Why Data Visualization is One of the Hardest but Most Important Tasks
Data visualization is an important part of a data scientist’s work—a picture is worth a thousand words! Even though we live in an era of big data and data-driven decisions, the truth is that, without data visualizations, we’d be largely lost scrolling through endless rows of numbers in spreadsheets. After all, less than 20% of the world’s population was literate only 200 years ago—but images have been powerful communication tools for tens of thousands of years.
Even in today’s highly literate world, most people still struggle to grasp the relationships between tables full of numbers. In this year’s State of Data Science survey, only 52% of respondents said that their organization’s decision-makers were mostly data literate. Against this backdrop, it makes sense that data visualizations can play a key role in communicating important concepts and trends. Even if data visualizations are a (relatively) newer development, history has shown their potential for significant impact on our lives. Perhaps that’s why data scientists today say they spend 15% of their time on visualizations.

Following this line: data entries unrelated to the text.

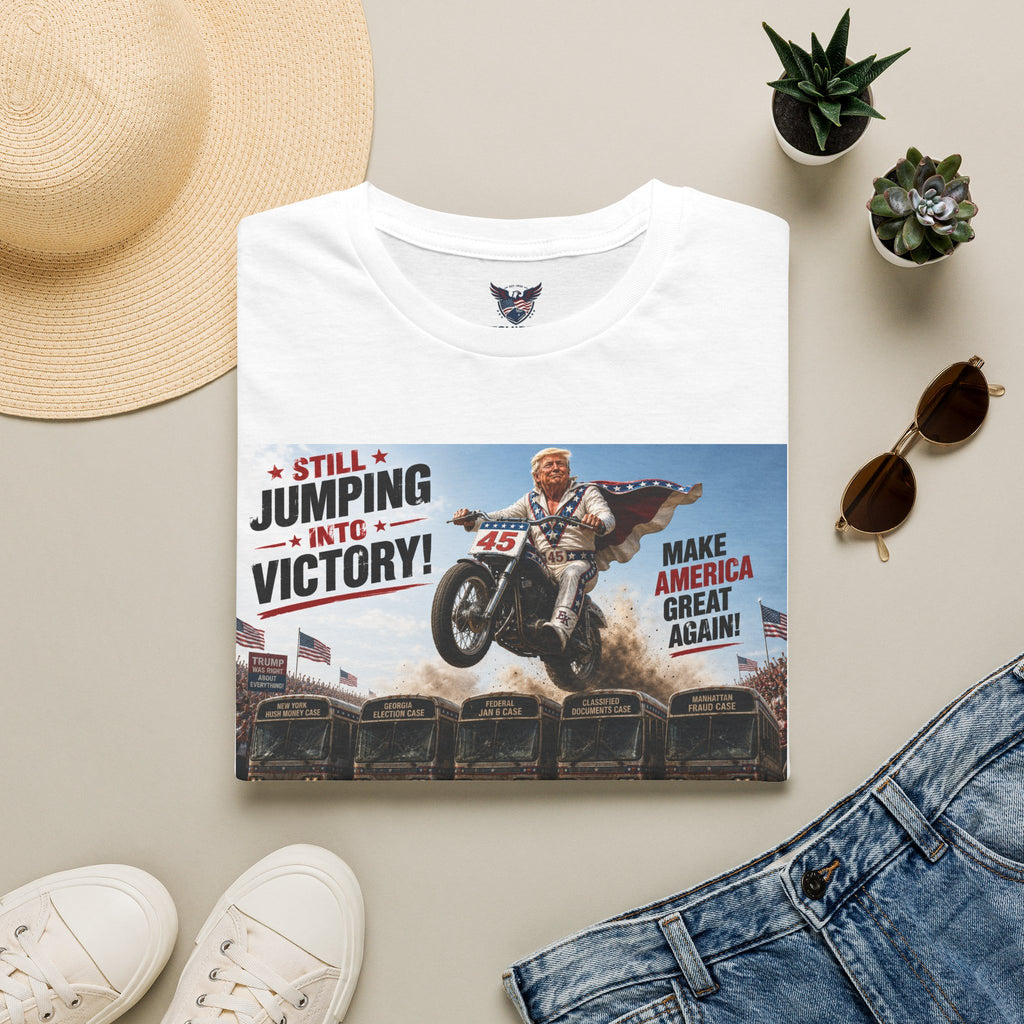 Graphic T-Shirt — "Still Jumping into Victory! Make America Great Again" Motorcycle Design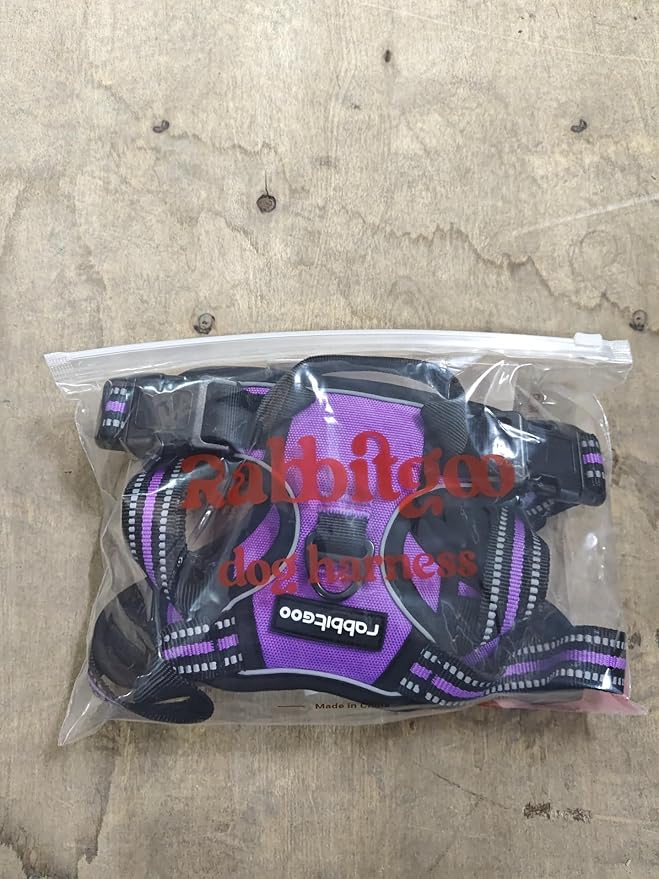 rabbitgoo Dog Harness No Pull with 2 Leash Clips, Adjustable Soft Padded, Reflective Oxford No Choke Pet Vest with Easy Control Handle for Medium Sized Dogs, Purple, M-Mewly Pet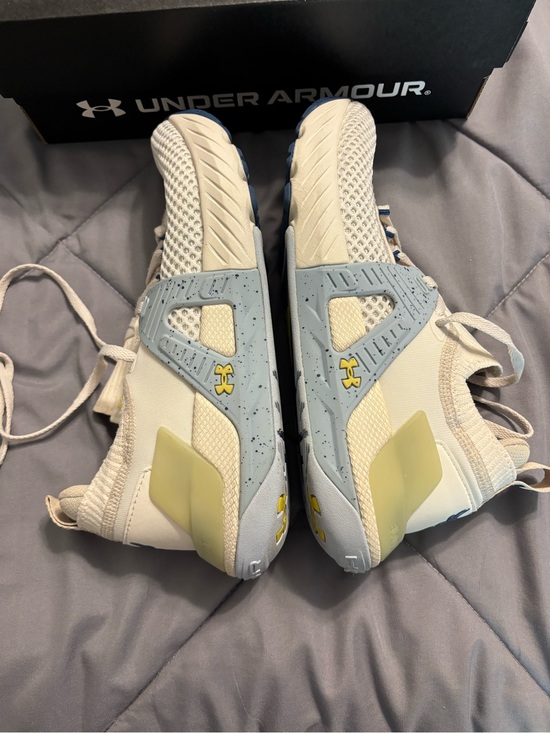Under Armour Shoes - Under Armour Cream White Athletic Shoes with Light Gray and Yellow Details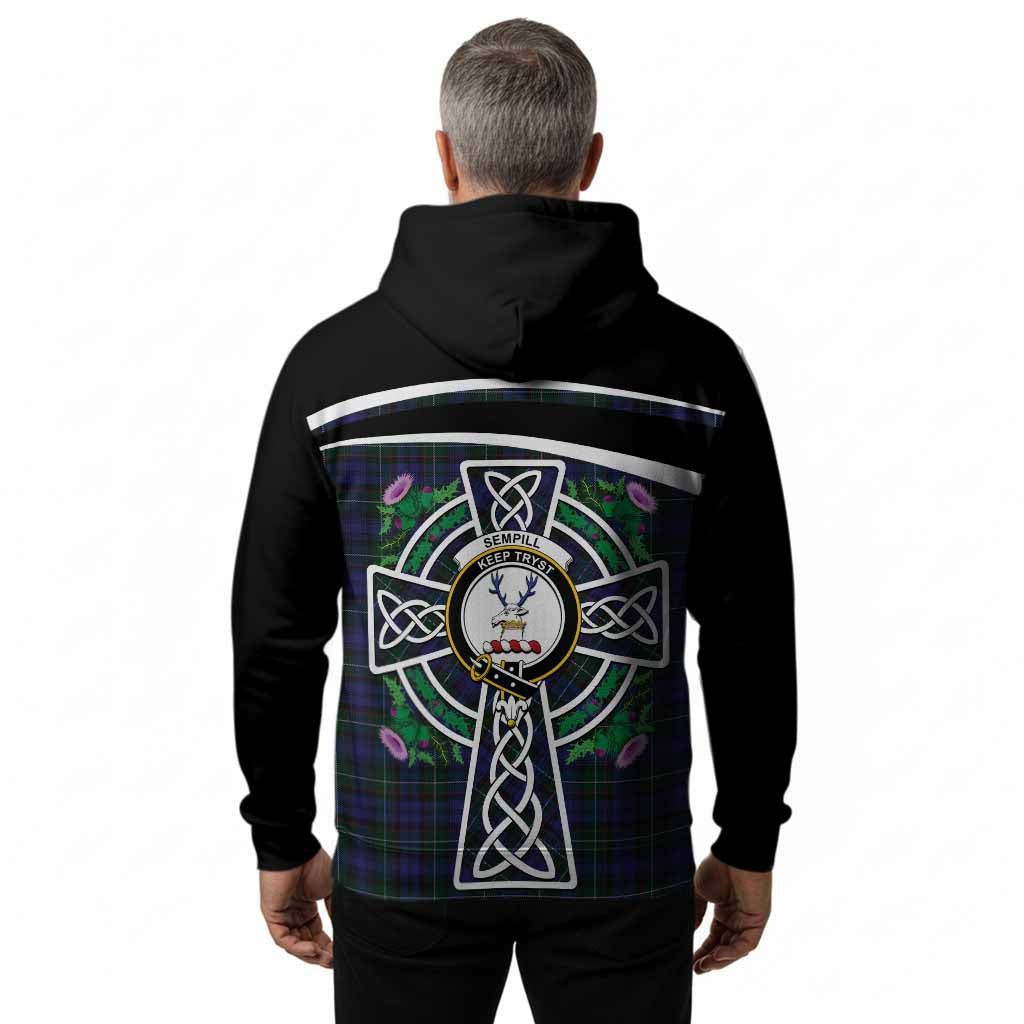 Sempill (Semple) Tartan Crest Hoodie Scottish Thistle Celtic Cross Alba Gu Brath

At the same time, data visualizations aren’t a one-stop, silver-bullet solution for communicating the findings of data science work. Even for experienced practitioners, they can be tricky to do well. And given the effectiveness with which charts or graphics can lodge in our brains, if they don’t accurately or effectively represent the underlying data, there can be negative consequences.
To better understand where things can go wrong with data visualizations—and how to avoid those pitfalls—it’s helpful to break data viz down into two main types. The first is exploratory visualization: this is when data scientists use visualization tools in order to better understand their data, prior to drawing any conclusions or conducting a full analysis. The second is narrative visualization: this is what data scientists use to present or communicate their findings to a wider audience. Each type has its own potential challenges.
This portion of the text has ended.